● **Try it**: Exclude the pictures from your copy, and reproduce each entry below verbatim.

--- START ---

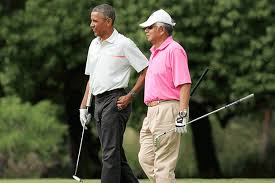 Sirul's signed unsworn statement read from the dock (english). Najib Golf With Obama A Political Bust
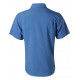 Men's CoolDry Short Sleeve Shirt M7600S Men's CoolDry Short Sleeve Shirt M7600S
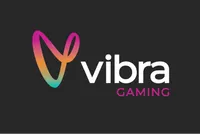 Vibra Gaming Casinos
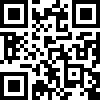 https://mehrnews.com/xWmv2
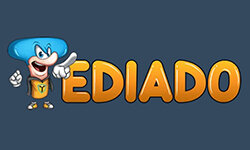 tediado.com.br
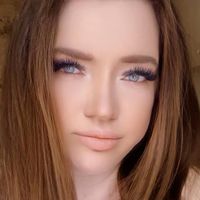 mariay_vasha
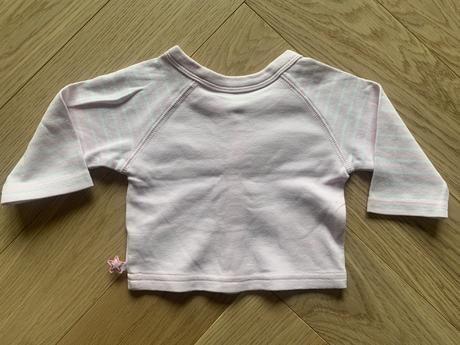 Mamas & papas dievčenský svetrík, mamas & papas,62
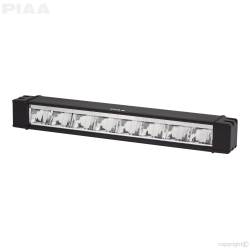 PIAA - PIAA 07618 LED Driving Light Bar Kit - Image 2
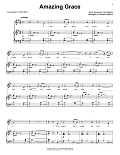 Amazing Grace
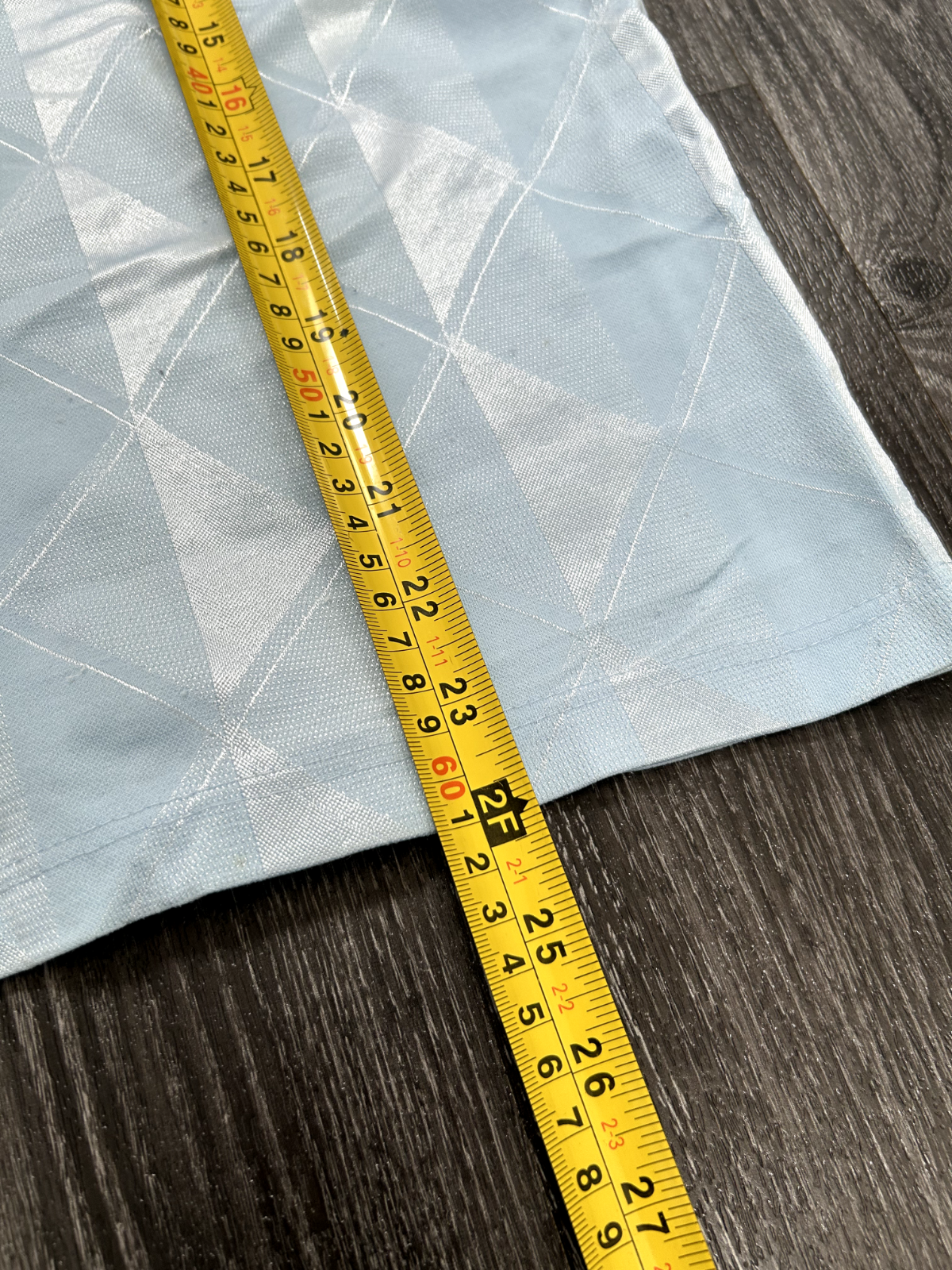 Original Authentic Umbro England 1988 Third Shirt Small Mens10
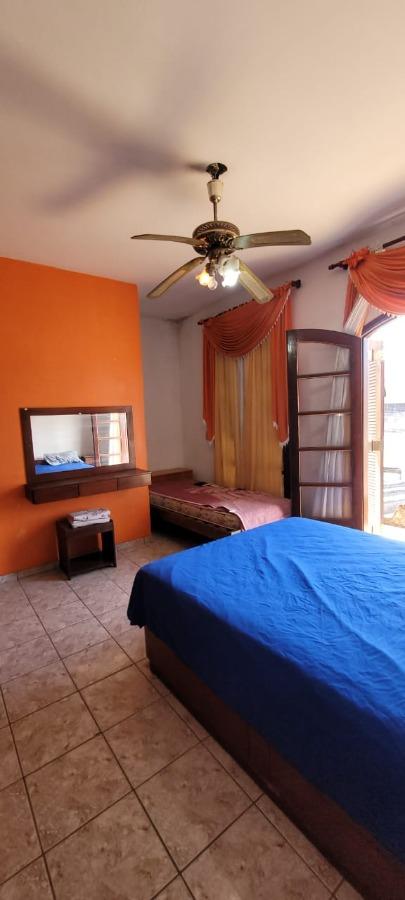 Sobrado, 3 quartos, 200 m² - Foto 16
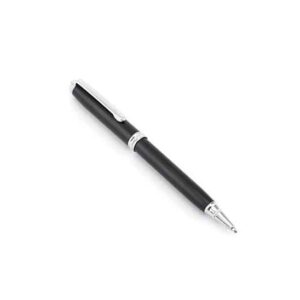 Vienna Pen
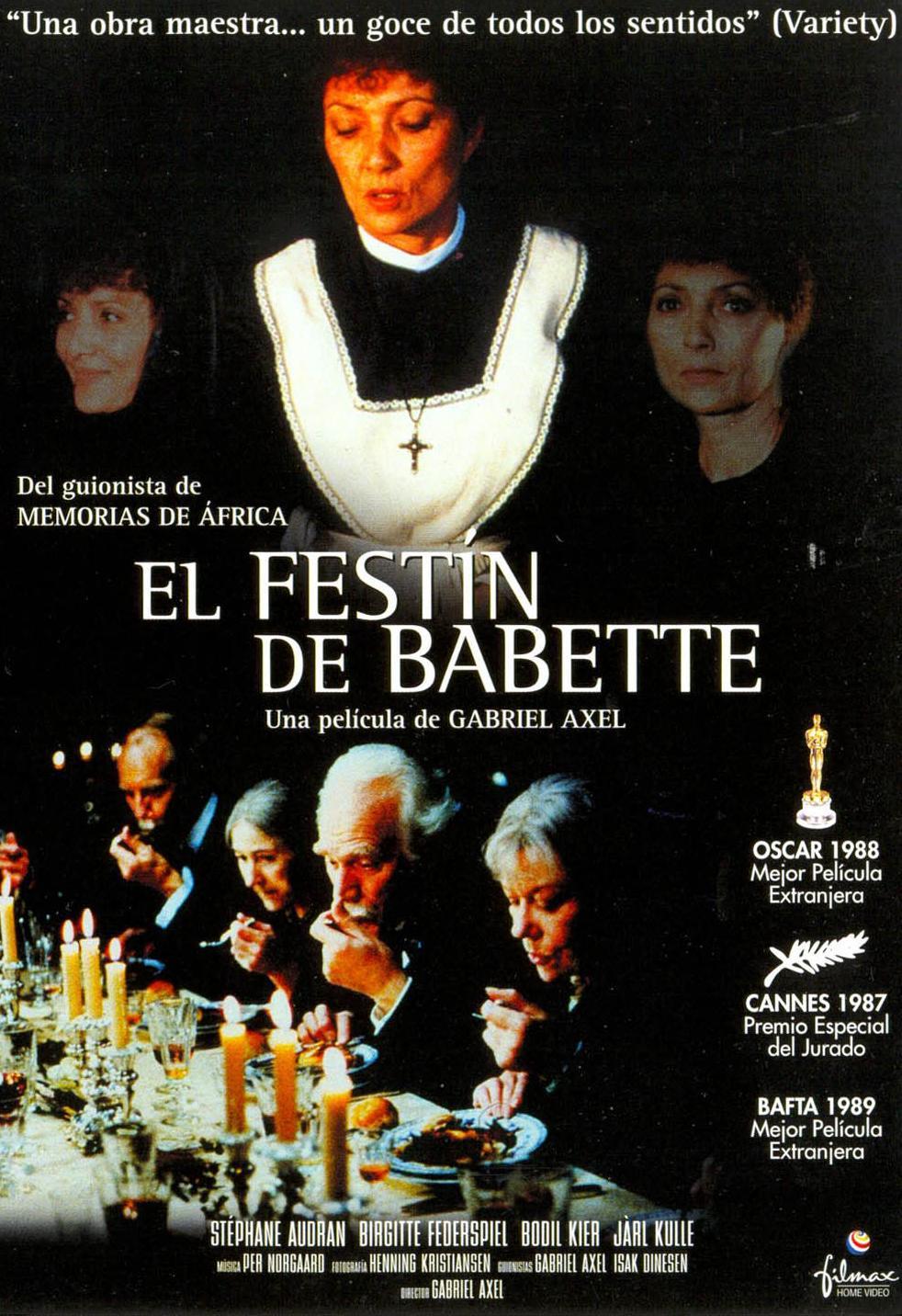 La película preferida del Papa Francisco
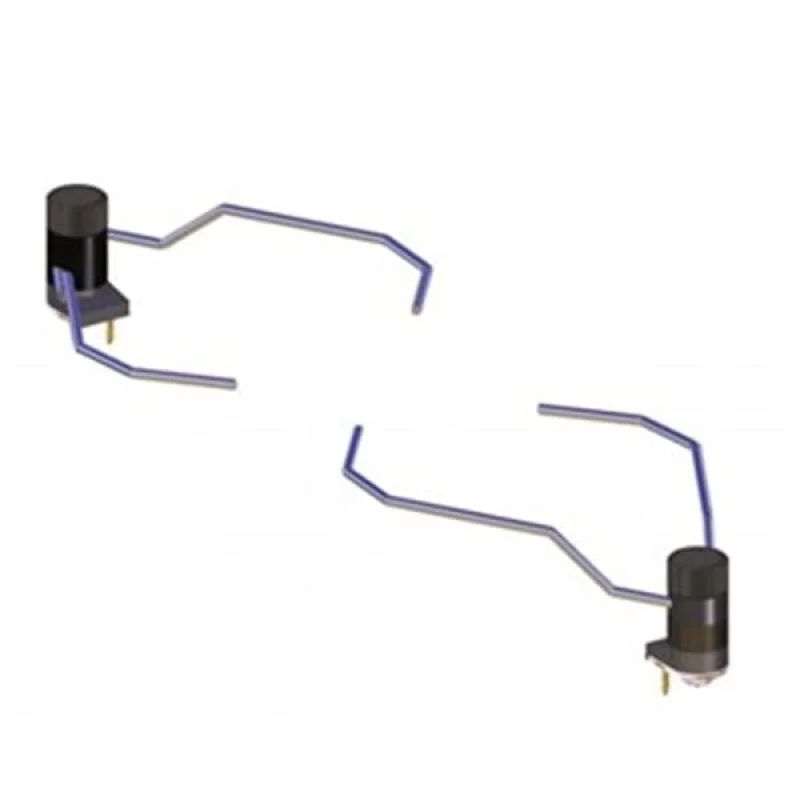 WALLAS Tencere tutucu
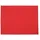 Westmark Platzsets Home rot 32,0 x 42,0 cm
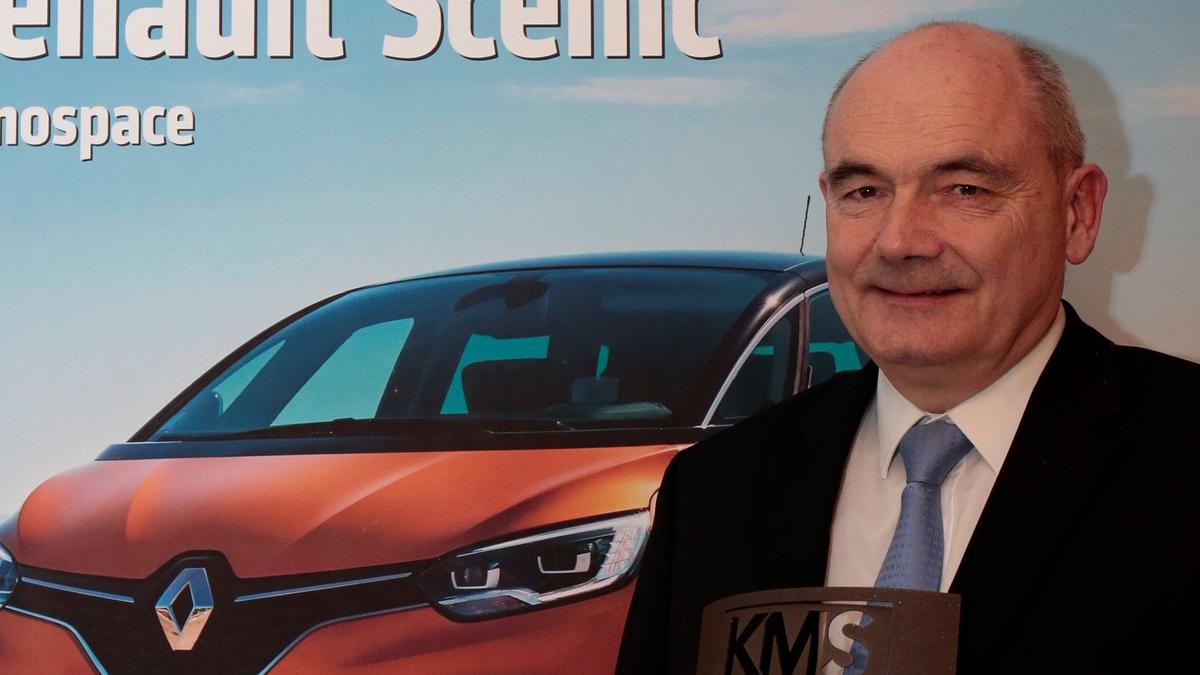 renault_86571_global_en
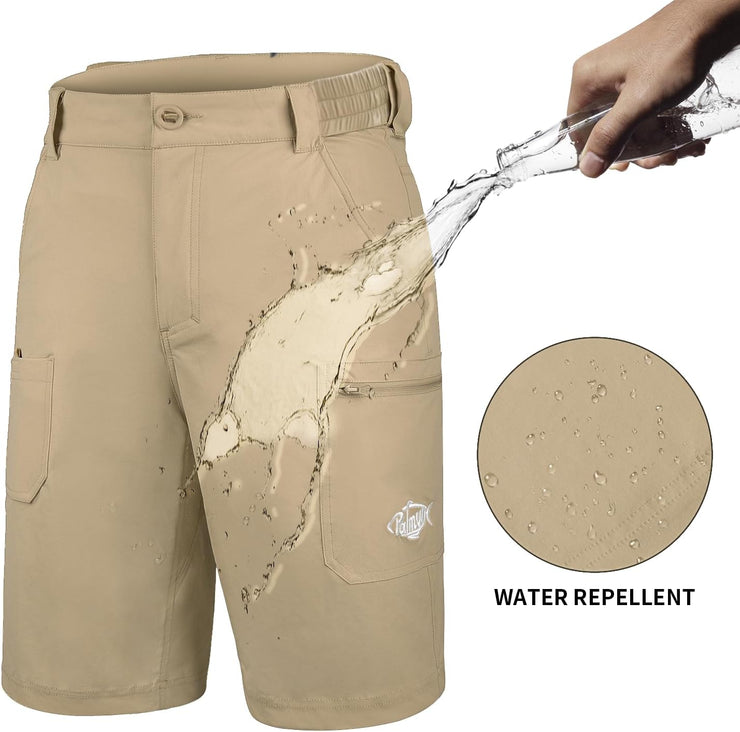 Men&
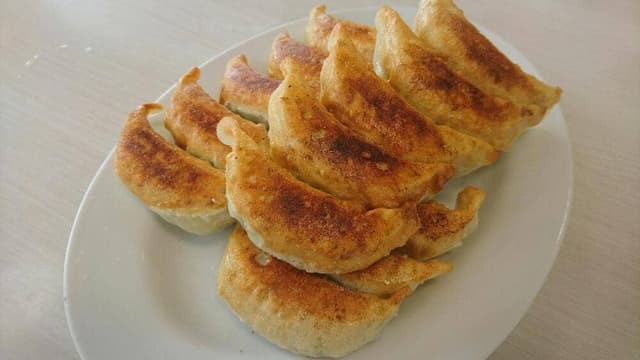 かどや 天竜川店 - サブ画像2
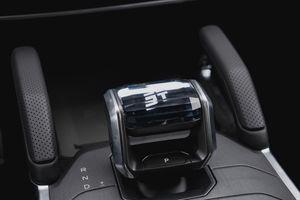 Jetour T2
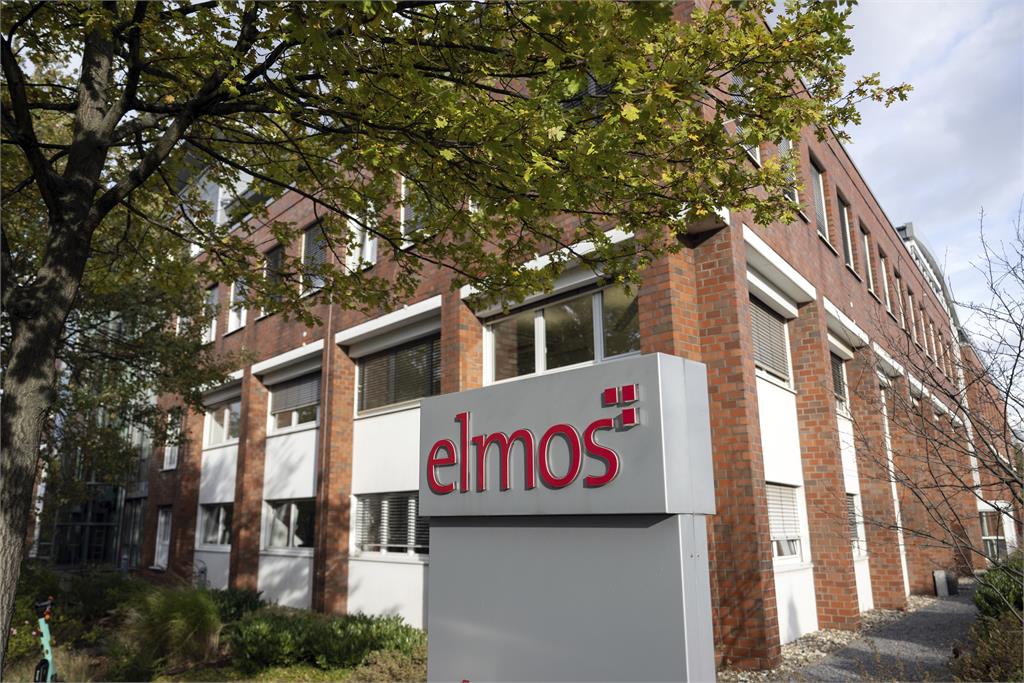 德國政策突轉彎「不賣了」　因1關鍵阻止中企收購晶片廠Elmos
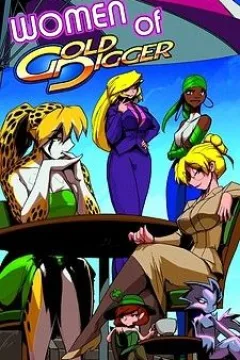 Issue #1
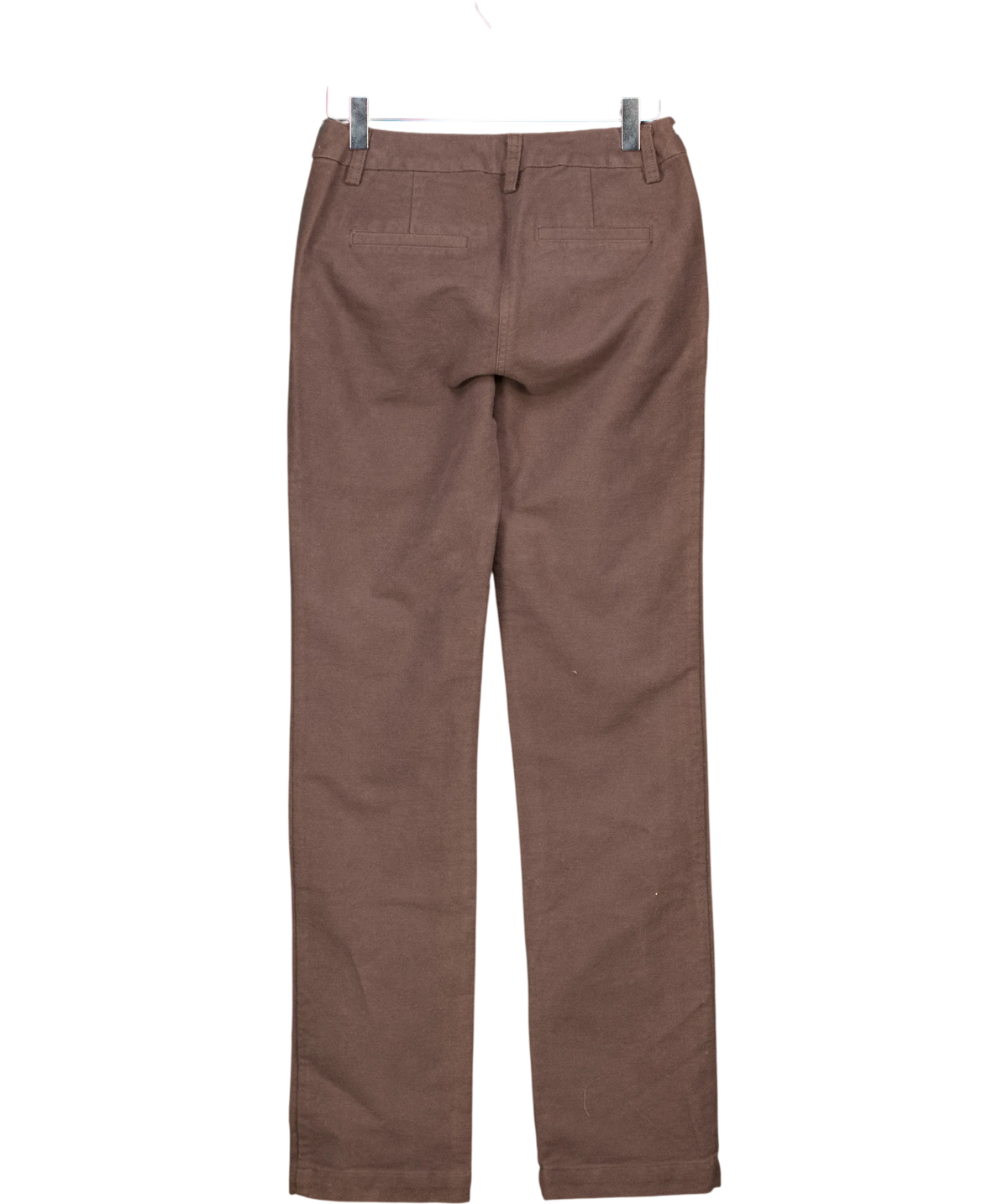 Boden Brown Colour, size UK 8 — back
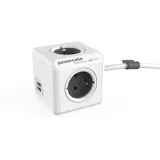 2-x-listwa-allocacoc-powercube-4-gniazda-2xusb-3m-stan-nowy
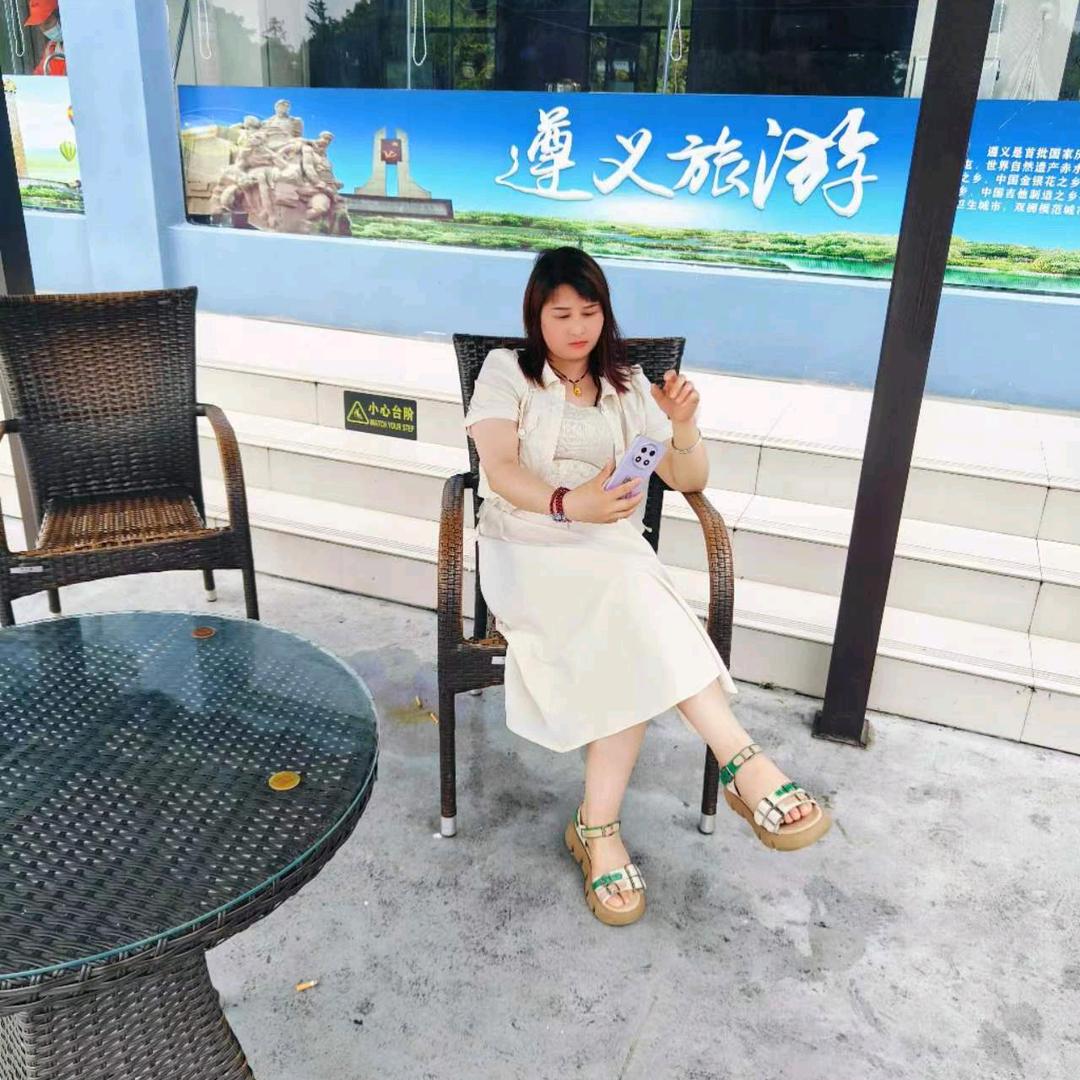 ꧁🔮做一个觉醒的人🔮꧂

--- END ---

● **Answer space**:
 Sirul's signed unsworn statement read from the dock (english). Najib Golf With Obama A Political Bust
 Men's CoolDry Short Sleeve Shirt M7600S Men's CoolDry Short Sleeve Shirt M7600S
 Vibra Gaming Casinos
 https://mehrnews.com/xWmv2
 tediado.com.br
 mariay_vasha
 Mamas & papas dievčenský svetrík, mamas & papas,62
 PIAA - PIAA 07618 LED Driving Light Bar Kit - Image 2
 Amazing Grace
 Original Authentic Umbro England 1988 Third Shirt Small Mens10
 Sobrado, 3 quartos, 200 m² - Foto 16
 Vienna Pen
 La película preferida del Papa Francisco
 WALLAS Tencere tutucu
 Westmark Platzsets Home rot 32,0 x 42,0 cm
 renault_86571_global_en
 Men&
 かどや 天竜川店 - サブ画像2
 Jetour T2
 德國政策突轉彎「不賣了」　因1關鍵阻止中企收購晶片廠Elmos
 Issue #1
 Boden Brown Colour, size UK 8 — back
 2-x-listwa-allocacoc-powercube-4-gniazda-2xusb-3m-stan-nowy
 ꧁🔮做一个觉醒的人🔮꧂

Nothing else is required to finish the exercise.